Posted in: Main Stage
Tom Stoppard on ‘Hapgood’: ‘I envy those seeing my play’
By Alice Jones
“Hapgood is my plot play,” says Tom Stoppard, placing a distinct, disdainful emphasis on the word “plot.” Is that a good thing or a bad thing? “Well,” says the playwright. “It’s nice to have done one.”
In fact, Hapgood is the black sheep of the dazzling, and dazzlingly received, oeuvre of the 78-year-old knight and member of the Order of Merit, also known as Britain’s greatest living playwright. When the spy thriller premiered in 1988, with Felicity Kendal as the MI5 chief, reviews ran from “enjoyable and tedious” to “thoroughly incomprehensible”.
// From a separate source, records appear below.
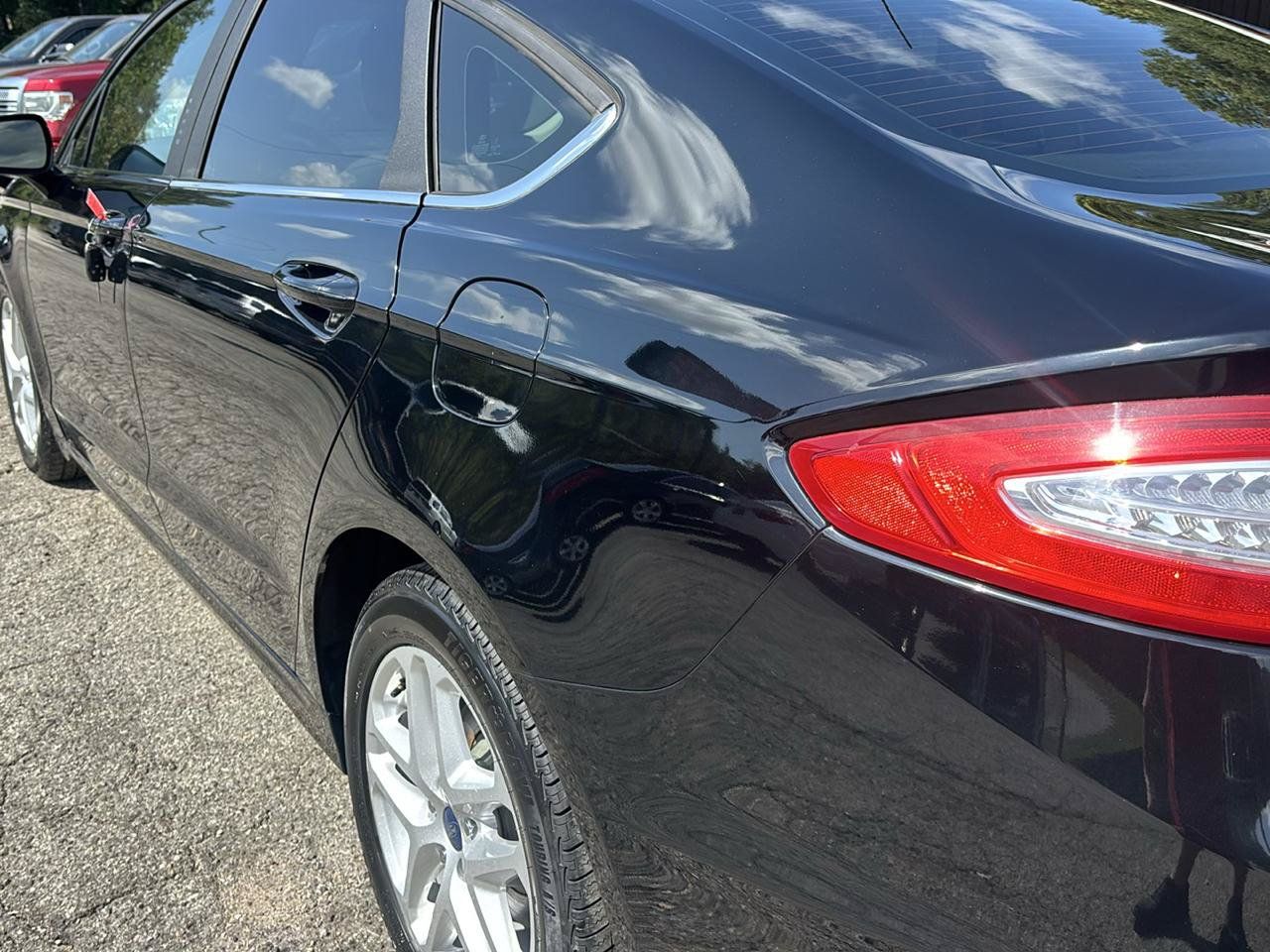 Used 2016 Ford Fusion SE FWD image 7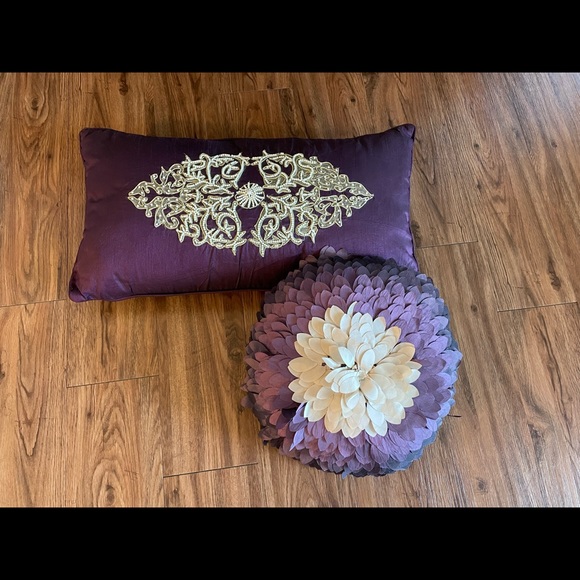 Accent pillows - Picture 1 of 4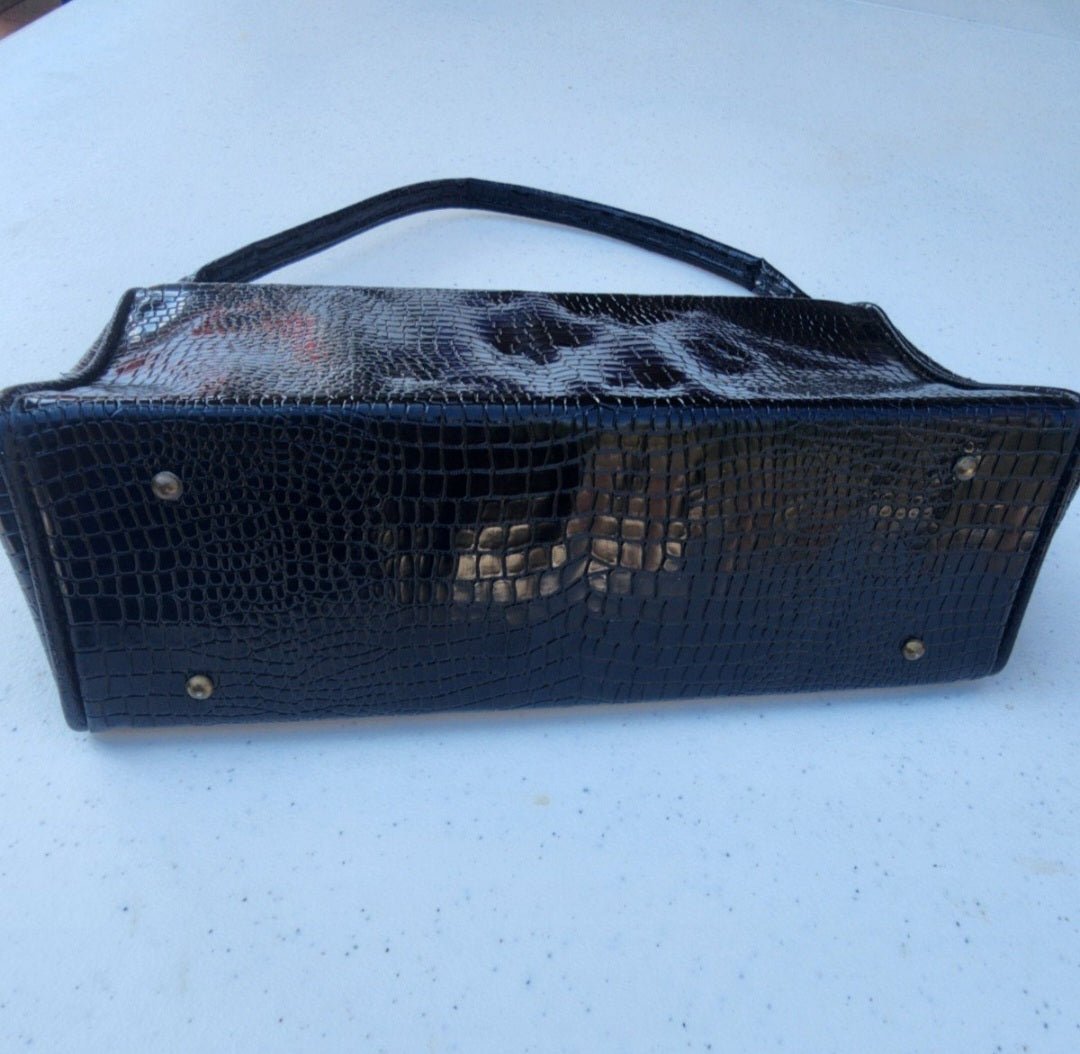 Vintage Dover Leather Handbag. Snap closure, Inside zippered compartment - I Bought a Yard Sale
It was more warmly received on Broadway but, compared with Rosencrantz and Guildenstern Are Dead, Arcadia or The Real Thing, it is one of the playwright’s least loved and performed plays.
Now Hampstead Theatre is reviving it for its first proper London run since the premiere 27 years ago. The whizzy new production is directed by Howard Davies and stars Lisa Dillon as the brilliant spy who plays chess without a board for fun. “It wasn’t a play I’d ever read, and I hadn’t seen it but I liked it a lot,” says Davies. “It took me a couple of reads to understand some of it because the plotting is wonderfully complicated. I had to go back and re-read it.”
“You should have read the first version,” says Stoppard, as dry as sandpaper. The Hampstead Hapgood will be his third or fourth rewrite. This time he has taken out “some of the detail” and moved a major plot reveal up a scene. The problem, as quite often, is its complexity. Just as Jumpers combines moral philosophy and marital crisis, and Arcadia mixes love with chaos theory, Hapgood is both a fiendish Cold War thriller, full of twists and feints, and an exploration of particle physics and Heisenberg’s uncertainty principle. Classic Stoppard, in other words.